I have very recently switched to Puppy Linux 4.0 (Dingo) from Windows. After going through the net I found out that GNome and KDE can be installed on Puppy. I have installed Puppy on my USB drive and have also downloaded the KDE .SFS file which Puppy is configured to load at startup. But when I exit Puppy's JWM window manager and try to start KDE from the console, nothing happens and I return to the terminal again.
All it asks me to do is run "xorgwizard" to configure XOrg. The same problem persists for XVesa.

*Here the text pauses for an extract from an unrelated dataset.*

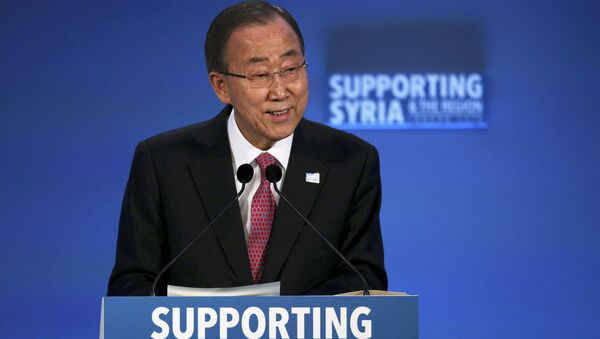 United Nations Secretary-General Ban Ki-moon speaks at the donors Conference for Syria in London, Britain February 4, 2016 - Sputnik International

Can someone please help...


----------



## psnegi26136 (Apr 16, 2009)

Me too wanted the same but could not find anything. But the good news is that v4.2 is released. I am using it and enjoying every bit of it. It has IceWM as well as JWM desktop. so you can choose your pick. I must say that I like IceWM more than JWM. The look is as that of any XP theme, When you right click on task bar, you get the same options as in Win XP. The vista inspired side bar is also there, which if you dont like then you can choose unofficial Puppy 4.2 v2. JWM is default desktop. If you want to change over to IceWm then click shutdown option and in that choose advance. You will find the option to change to IceWm there. I too am searching for KDE on 4.2, if I find anything, I will post here. You can search on puppy forum also.
*www.murga-linux.com/puppy/
Hope you will find many good things there.


----------



## MetalheadGautham (Apr 17, 2009)

Puppy is not meant to be used with heavy weight DEs. Its designed for old or weak hardware and for booting live. Why don't you try Xfce 4.6 or LXDE or IceWM instead ?


----------



## FilledVoid (Apr 17, 2009)

Don't be silly. Although its been designed in such a way that low end machines can use it doesn;t mean you can't try out Gnome and KDE on it


----------



## MetalheadGautham (Apr 17, 2009)

Ofcourse it doesn't mean that. I said these DEs/WMs suit it much better.


----------



## FilledVoid (Apr 17, 2009)

And btw I did a check on Puppy Linux IRC channel and no the KDE 4.2 packages haven;t been compiled for it and as I recall one of the mods saying that trying gave a couple million seg faults and other errors.


----------



## psnegi26136 (May 1, 2009)

If you want KDE for its applications, then at least .pet or .sfs are available for KB3. Someone is trying for amarok and few other applications too. But after playing through many pet and sfs I found that most of the application included in Puppy 4.2 are top notch and does not require any substitute. May be you would like to add Open Office, Avast AV and VLC players to it, or if you are a big fan like me then Opera. But rest is fantastic as it is.


----------